De Gand à Mézières, les arrière-gardes germaniques refluent toujours, disputant chèrement le terrain. Mais il n’y a plus de réserves. L’économie du pays est exsangue. Depuis le 29 septembre, Ludendorff fait savoir, chaque jour, à l’empereur Guillaume II que la situation est désespérée. Le chancelier Herling cède alors la place au prince Max de Bade, un libéral, partisans de l’armistice. Ludendorff se démet de son poste le 26 octobre. Au début de novembre, la flotte de haute mer, basée à Kiel, fait preuve d’insubordination, influencée par l’exemple russe. Le 9 novembre, la révolte gronde à Berlin. Au Grand-Quartier général de Spa, l’empereur se résout à l’abdication et se réfugie en Hollande.

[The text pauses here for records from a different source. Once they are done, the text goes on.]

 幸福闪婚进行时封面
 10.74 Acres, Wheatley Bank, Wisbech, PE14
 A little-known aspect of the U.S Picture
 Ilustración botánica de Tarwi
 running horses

Depuis la veille, une délégation de plénipotentiaires a franchi les lignes de feu près de Cateau. Le 11, ses membres se trouvent en forêt de Compiègne, à Rethondes, dans le Wagon Q-G du maréchal Foch pour signer l’armistice. L’armée allemande doit évacuer la rive gauche du Rhin et trois têtes de pont de la rive droite à Mayence, Coblence et Cologne. La flotte sera internée. Pour le reste, la parole appartient aux diplomates chargés de négocier bientôt à Versailles les termes du traité de paix.

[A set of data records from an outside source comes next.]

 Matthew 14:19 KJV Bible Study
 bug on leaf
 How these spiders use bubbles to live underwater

Ainsi s’achève, après 52 mois d’indicibles épreuves, la Première Guerre mondiale de l’histoire. Plus de 9 millions de morts et 17 millions de blessés se décomptent dans les deux camps. D’innombrables « croix de bois » jalonnent des zones de combat dévastées. Tout témoigne de l’acharnement de la lutte. Jamais les vivants ne se sont sentis aussi solidaires avec ceux qui ont donné leur vie pour la patrie.

La France pleure, quant à elle, 1 400 000 morts ; 3 562 000 soldats ont été blessés ; 506 000 prisonniers réintègrent leurs foyers. Mais, pour le pays en liesse, le 11 novembre est désormais le jour le plus glorieux de l’année. Pour tous, c’est en effet le dernier jour d’une guerre qui doit être elle-même la dernière de l’histoire. « Non, plus jamais ça ! », clament les survivants, marqués à jamais. Les noms des hauts-lieux du drame résonnent désormais comme celui de l’enfer. Et, de cet enfer-là, personne ne veut plus…Personne ne se doute que la paix qui va être négociée à Versailles ne sera finalement qu’un armistice de vingt ans.